Feel welcome to post any feedback or comments here.
I really love the writing of An American Genius, my only problem was that it directly implies that Morphy was in love with chess from a very young age, and that he dreamed of becoming champion and challenge Staunton. From what I know, he really never was in love with chess, unlike say Fischer who had an obsession with the game since age 7., he enjoyed it, saw it as a worthy pastime, but nothing more. Which makes his genius that much more impressive.
Thanks for your comments on "An American Genius" Now I am in the process of seeking co-producers and financing.
Thanks for reading it. Mr. Goldner did a wonderful bit of storytelling.
I just read "American Genius". It brought Morphy alive in a special way!!. I really enjoyed it!!
morphy all the way Batgirl
I'm convinced Morphy, as was pointed out by Bobby Fischer, would beat everyone in modern day society as well given time to prep himself. He revolutionized the game.
The drama that rings truest for me in all of the Morphy tales is when the woman Morphy fell in love with rejected him for being "a mere chess player." At that time, as now, women who could command the attention of men of means and accomplishment would never be interested in chess players. When I was a naive youth, I thought this was unfair. By now, I realize it could hardly be otherwise. There was one exception of course: Capablanca. He lived in a unique time when his greatness on the world stage was universally acknowledged by civilized people, thereby making it possible for women to find him attractive.
We end in a ball-in-claw bathtub, but begin with beingets and coffee in the French Quarter.
Wow! One hundred and fifty pages.
I am sure He would like the website, I'd bet on it!
@Kinn72 The reason Morphy didn't have the "game skills" Kasparov has is because chess hadn't evolved into the game it is today. Now people have acess to vast amounts of information regarding chess. Back then you had to practically come up with every idea by yourself, and for the record Morphy had far more natural talent than Kasparov!
I get the impression that Kasaparov didn't do so well when he underestimated his opponents. Deep Blue and Kramnik were underdogs were they not? Seems like his psychological warfare approach and overconfidence backfired.
I'm going to stay out of the pointless Kasparov vs Morphy debates :) and simply say that your website is a very valuable resource for those interested in chess history.
Morphy simply did not have the complete game skills that Kaparov does (posititional, tactical, endgame technique and opening knowledge).

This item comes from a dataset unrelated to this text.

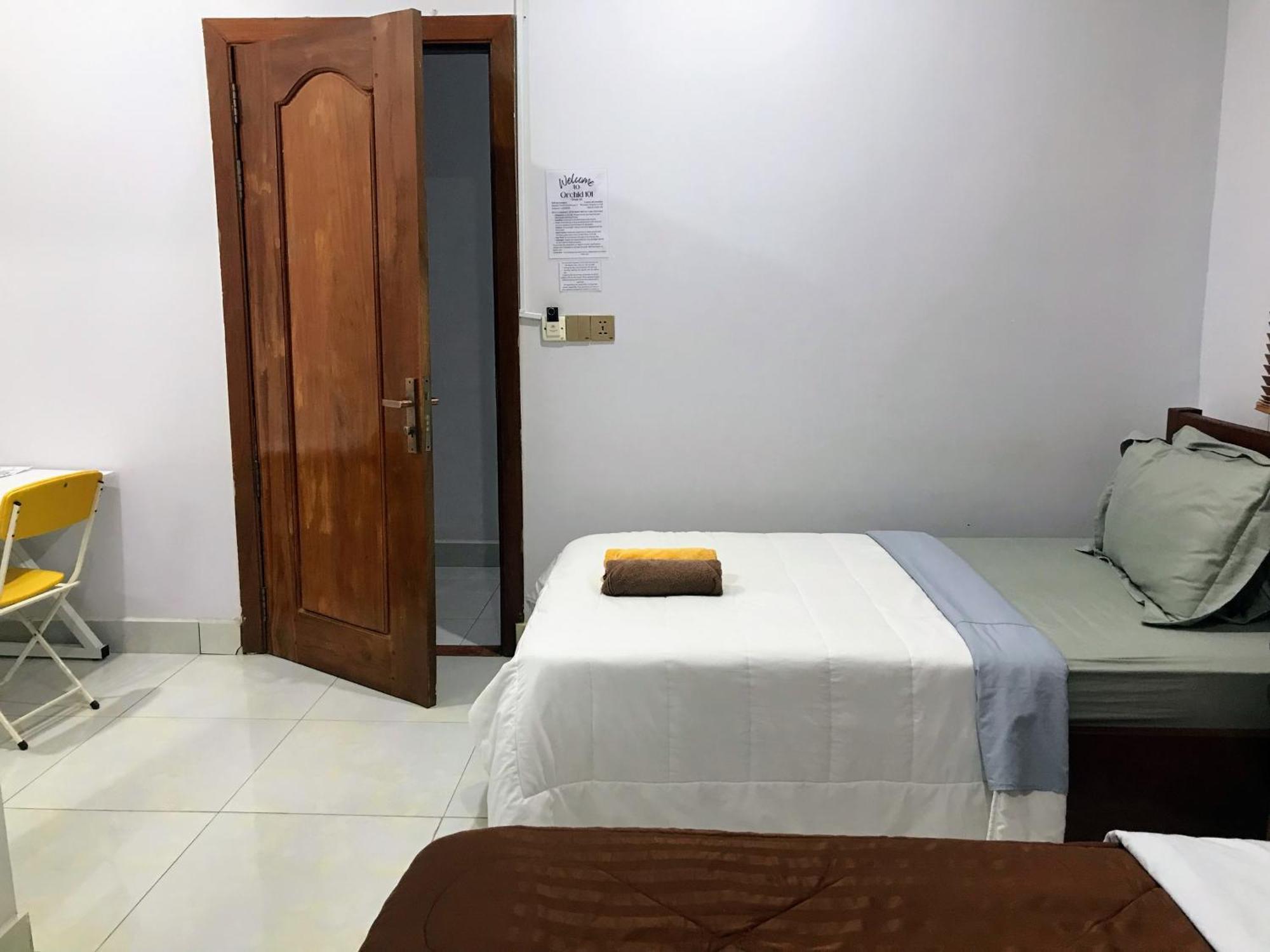 Orchid 101 Hotel Kampot Exterior photo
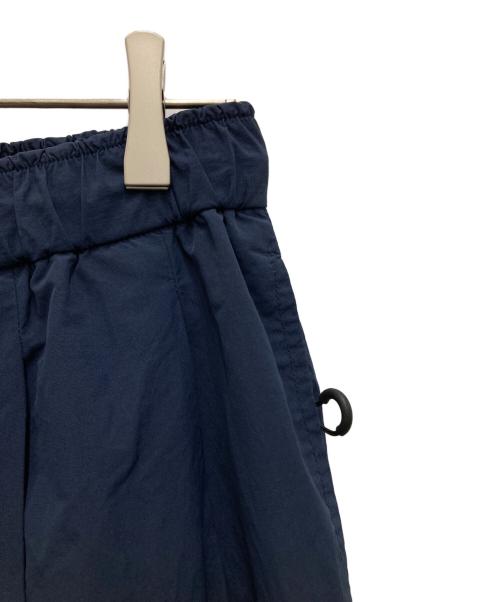 ALOUND（アラウンド）ALOUND (アラウンド) ツータックテーパードナイロンパンツ ネイビー サイズ:Mの古着・服飾アイテム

kasparov is not a popular figure so the thought of him losing to morphy will make people happy - i enjoyed the detail put into it though
Can someone explain the Dan Heisman Story? Why did Morphy think 1.5/2 was good enough that day? Is Richard Franklin a well known player?
Actually, I believe that it would be quite the opposite. But that discussion can obviously never be settled, so let's not start it :P Kasparow wins on time, as he can still move pieces ;)
Here is the idea for a short story. Kasparow dies, goes to Heaven (or choose any other afterworld) and learns that there is neverending tournament going on with Morphy, Capa, Alekhine, Fischer, etc. (insert all players considered GOAT).
Edit: also, if anything, Kasparow could go into "safe mode" and start playing like Karpow or Petrosian. Do you think that Morphy's attacks would have any chance against "Iron Tigran"?